This is a prerelease version.

View latest

Handling Member Failures with Persistence Enabled

Cluster members that have persisted data on disk handle member failures differently, depending on whether members fail during a cluster restart or if a single member leaves the cluster. You can configure how your clusters handle each scenario.

Glossary

Term Definition

data load timeout

Number of seconds that the cluster allows for members to finish restoring data from their local persistence store. See the data-load-timeout-seconds configuration option.

master member

The oldest member in a cluster.

partition table

Table that stores members' partition replica assignments and the partition table version.

persistence store

The files that contain persisted data.

validation timeout

Number of seconds that the cluster allows for members to rejoin and send their partition table to the master member. See the validation-timeout-seconds configuration option

What Happens When a Single Member Leaves the Cluster

By default, if a cluster detects that a missing member is restarting and attempting to rejoin, the cluster’s master member will ask the rejoining member to send its partition table for validation.

The rejoining member loads its persisted data from disk and rejoins the cluster only if the following conditions are met:

  • The master member receives the partition table within 120 seconds (the validation timeout).

  • The master member validates that the partition table was correct at the time that the rejoining member left the cluster.

  • The rejoining member loads its persisted data from disk within 900 seconds (the data load timeout).

If these conditions are not met, the rejoining member deletes its persistence store, generates a new UUID, and rejoins the cluster. The rest of the cluster then tries to recover the missing member’s data from backups and repartitions it.
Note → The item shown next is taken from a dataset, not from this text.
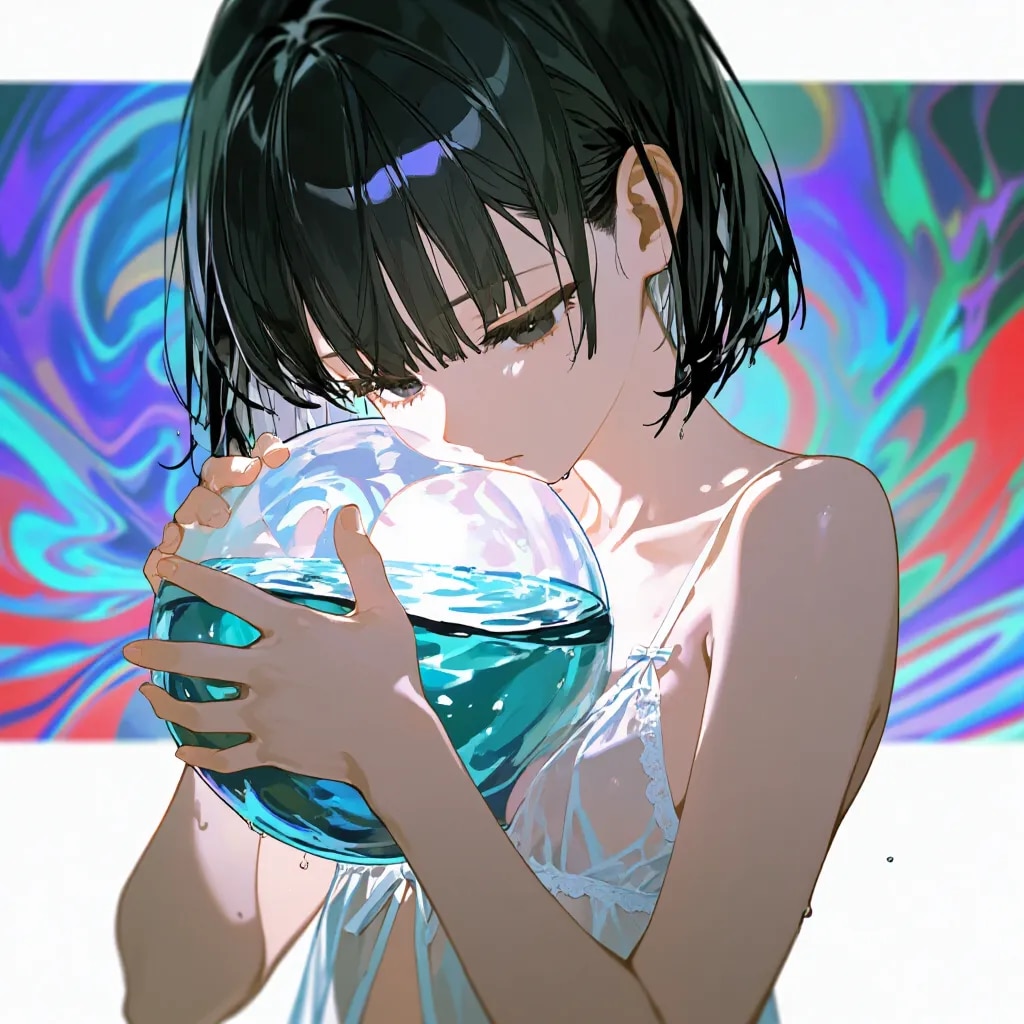 夢幻蒼玉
Flowchart that shows the process a cluster follows when a single member fails and leaves the cluster

If you do not want rejoining members to automatically delete their persistence stores when their partition tables are invalid, set the auto-remove-stale-data option to false.

Only in exceptional circumstances will the master member consider a rejoining member’s data stale. Instead, the member will reload its data from disk and then synchronize it with other cluster members as needed.

If you have lots of persisted data and you are concerned about how long it may take for your cluster to repartition after a member fails to rejoin, you can delay repartitioning.

Do not configure a delay if your cluster also stores in-memory data that is not persisted. Clusters do not repartition their data if a member rejoins within the delay. As a result, any data that is not persisted will be lost if the member restarts within the delay, including backups.

What Happens When the Whole Cluster Restarts

By default, a restarting cluster waits until the following conditions are met:

  • The master member receives all members' partition tables within the validation timeout.

  • The master member validates that all members' partition tables are correct.

  • All members load their persisted data from disk within the data load timeout.

The cluster fails to start if any of these conditions are not met.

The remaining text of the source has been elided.